Further, Subrahmanyam claims that European professionals have contributed to these drawing the one where Gouz is shown to dedicate the work to Cardinal Capponi, whereas other drawings are the contribution of one or more Indian artists (Bernardini 2004). Highly curious about Hindu mythology, Gouz possibly gathered information regarding the Hindu pantheon — such as Ram, Lakshman, Sita, Krishna, Durga, Hanuman, Mahadeva, Parvati, Ganesh, Glacmi/Gliacmi (Goddess of earth or Lakshmi) and others (Gouz, 1653, p. 142) — from his interaction with the audience during his visit, which, however, lacked authenticity and were sometimes miscoded. Subrahmanyam believes that due to considerable deterioration of the figures in their passage from Indian artist/s to the eventual engravings that led to the distortion of many details and, hence, many attributes are mistakenly presented (Subrahmanyam, 2010). Concerning his paintings he said “the painting being to discourse what the original is to the painting. I believe I would satisfy the reader more with some figures of Mogol costume than by a descriptions I could make of them” (Gouz, 1653). Gouz had accepted some information on a superficial level, without any analysis, and probably wanted to get a wider European audience and recognition in the academic circle.

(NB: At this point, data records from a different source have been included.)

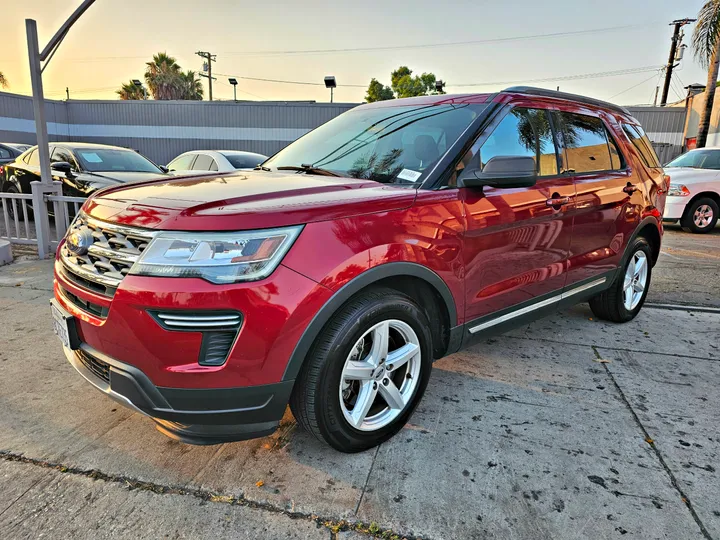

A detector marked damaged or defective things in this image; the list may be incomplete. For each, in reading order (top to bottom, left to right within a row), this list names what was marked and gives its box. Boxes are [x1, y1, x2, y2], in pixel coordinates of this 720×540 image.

pavement crack [0, 450, 428, 540]
cracked concrete [0, 230, 716, 536]
pavement crack [356, 446, 382, 516]
pavement crack [592, 346, 716, 540]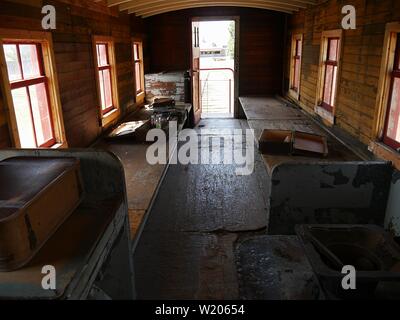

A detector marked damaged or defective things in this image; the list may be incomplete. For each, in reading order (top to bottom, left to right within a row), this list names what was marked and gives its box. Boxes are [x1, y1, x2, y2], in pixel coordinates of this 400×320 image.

rusted metal surface [145, 71, 186, 102]
rusted metal surface [0, 150, 134, 300]
rusted metal surface [268, 162, 392, 235]
rusted metal surface [236, 235, 324, 300]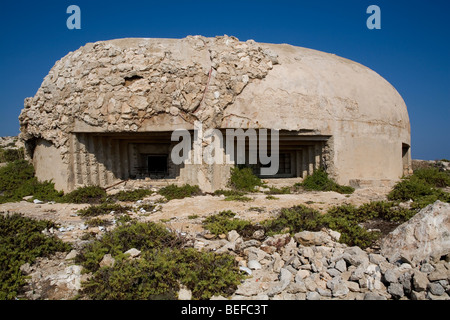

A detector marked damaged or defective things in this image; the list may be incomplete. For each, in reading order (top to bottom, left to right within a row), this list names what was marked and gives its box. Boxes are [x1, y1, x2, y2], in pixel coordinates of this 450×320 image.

damaged concrete bunker [17, 36, 412, 194]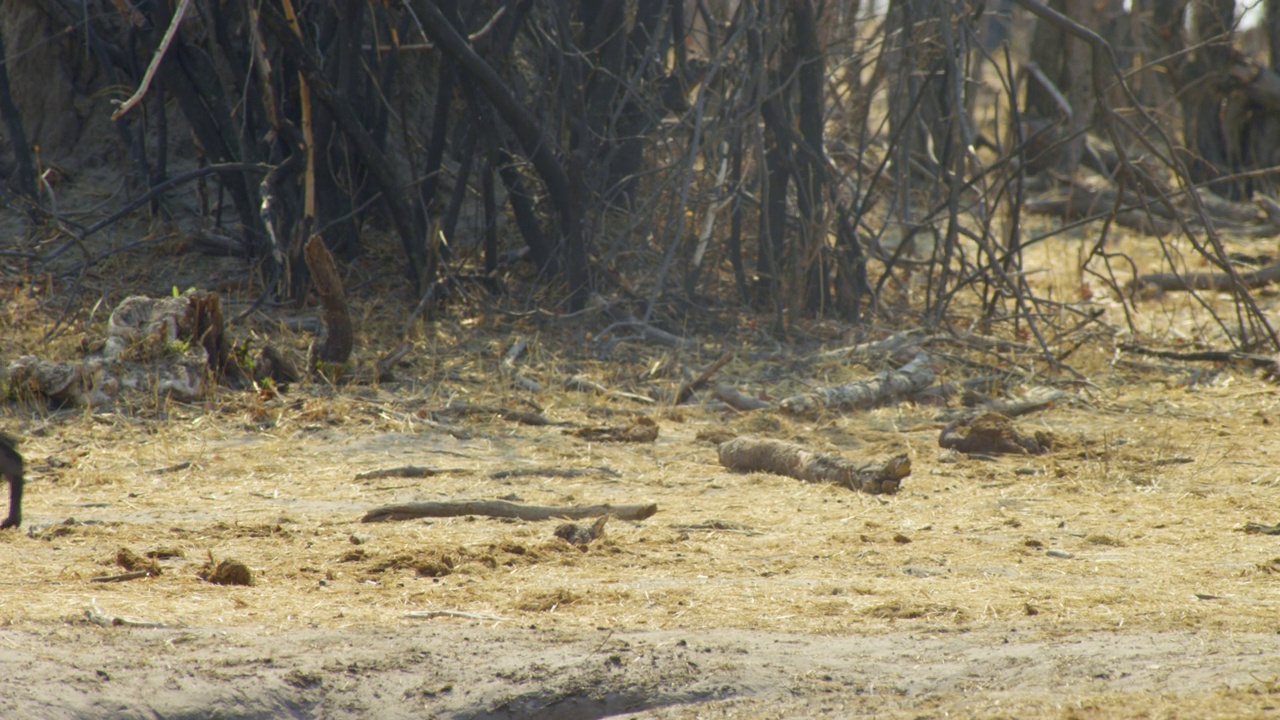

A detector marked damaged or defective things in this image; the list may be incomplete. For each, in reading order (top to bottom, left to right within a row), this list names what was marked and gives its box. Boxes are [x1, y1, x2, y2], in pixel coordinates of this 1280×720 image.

broken stick [721, 438, 911, 491]
broken stick [363, 499, 655, 520]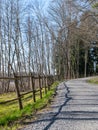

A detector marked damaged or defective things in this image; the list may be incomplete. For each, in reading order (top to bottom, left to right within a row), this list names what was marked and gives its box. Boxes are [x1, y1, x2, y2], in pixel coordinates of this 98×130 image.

cracked asphalt road [22, 77, 98, 129]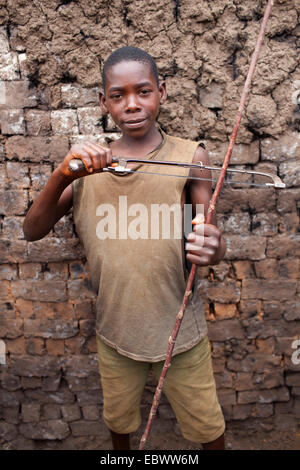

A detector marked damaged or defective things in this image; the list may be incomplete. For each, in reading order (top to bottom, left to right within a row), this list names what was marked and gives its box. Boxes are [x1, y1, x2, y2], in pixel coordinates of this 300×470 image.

rusty brick [224, 235, 266, 260]
rusty brick [241, 280, 298, 302]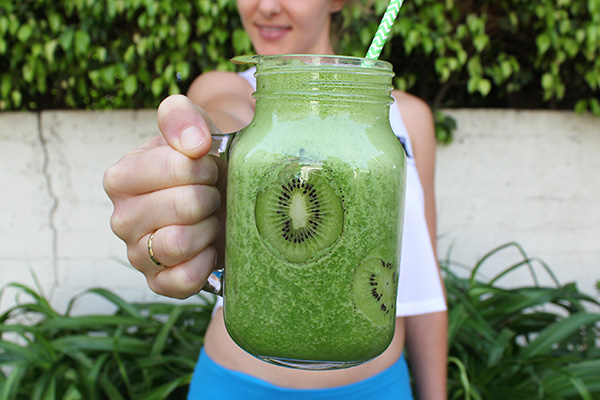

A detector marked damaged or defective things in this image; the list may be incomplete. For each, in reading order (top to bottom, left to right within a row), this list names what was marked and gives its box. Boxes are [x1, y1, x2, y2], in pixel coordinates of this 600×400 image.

crack in wall [37, 112, 59, 288]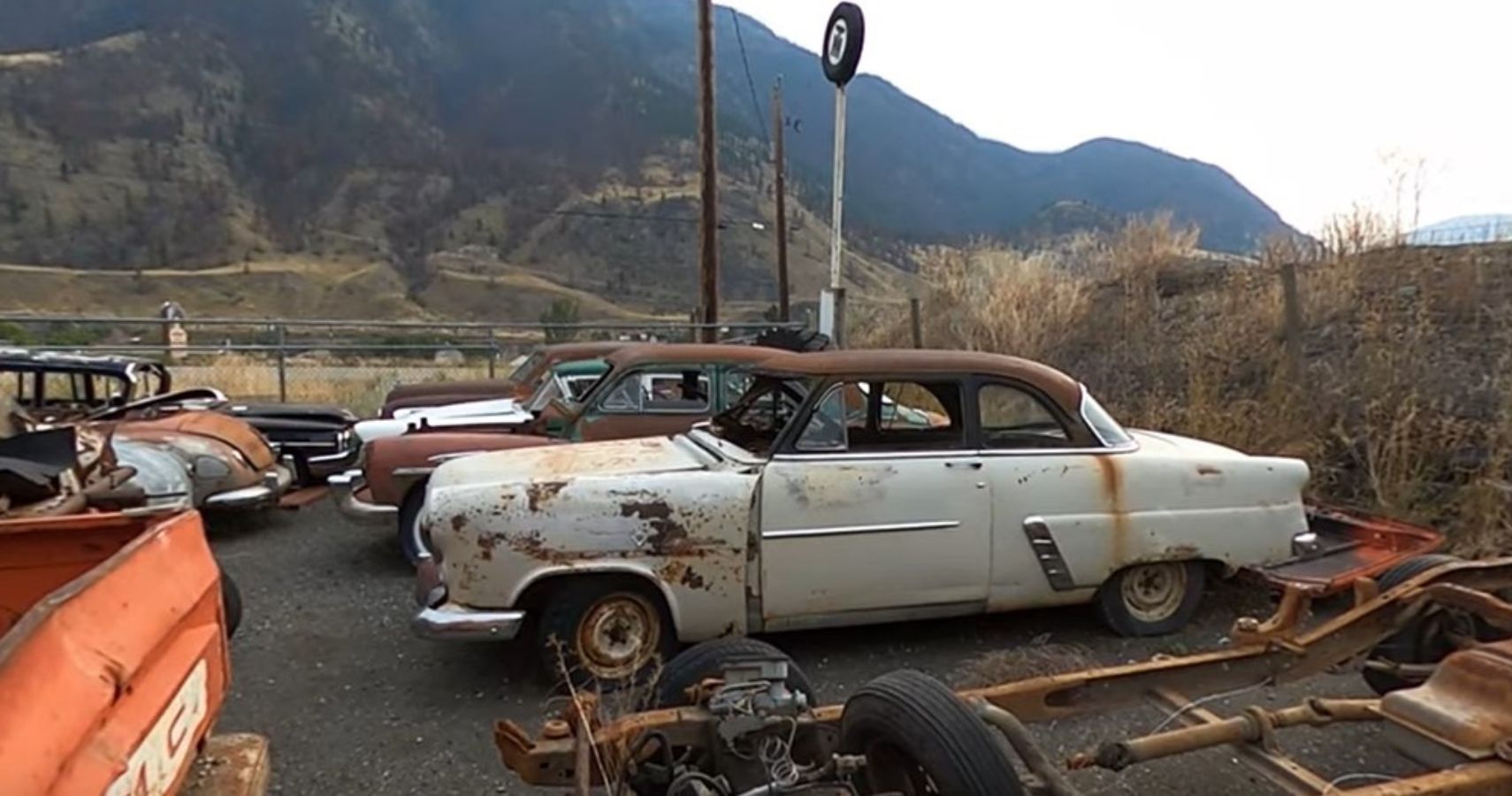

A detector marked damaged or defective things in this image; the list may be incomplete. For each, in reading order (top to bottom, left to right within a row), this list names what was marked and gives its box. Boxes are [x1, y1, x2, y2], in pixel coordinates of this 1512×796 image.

Gouz started with the description of Ram, who, according to him, was the first and supreme among all but lived the life of a normal human being. He gifted the Hindus the sacred law which was carried down the generations from father to son for 120,000 years (Gouz, 1653). The year of Ram’s appearance, as Gouz claimed, seems to be a grave error or may be based on fables. He further criticized the principle of idol worship and remarked that many idolaters were unaware of the existence of the Supreme God (Becherini, 2017) and legislator (Gouz, 1653). He believed Hindus were known as Ramji — followers of Ram — who would chant ‘Ram Ram Ram meaning God God God’ (Gouz, 1653) when praying to their deities in their temples (Gouz, 1653). He depicted Ram as an avatar (incarnation) of Shiv, but in Valmiki’s version of the Ramayana, as also Kampan’s, he is represented as the avatar of Vishnu. However, the Thai version of the Ramayana, Ramakriti, shows him as a subordinate to Shiv (Ramanujan, 1991). Further, he stated that Hindus derived their rights, beliefs and customs from Ram.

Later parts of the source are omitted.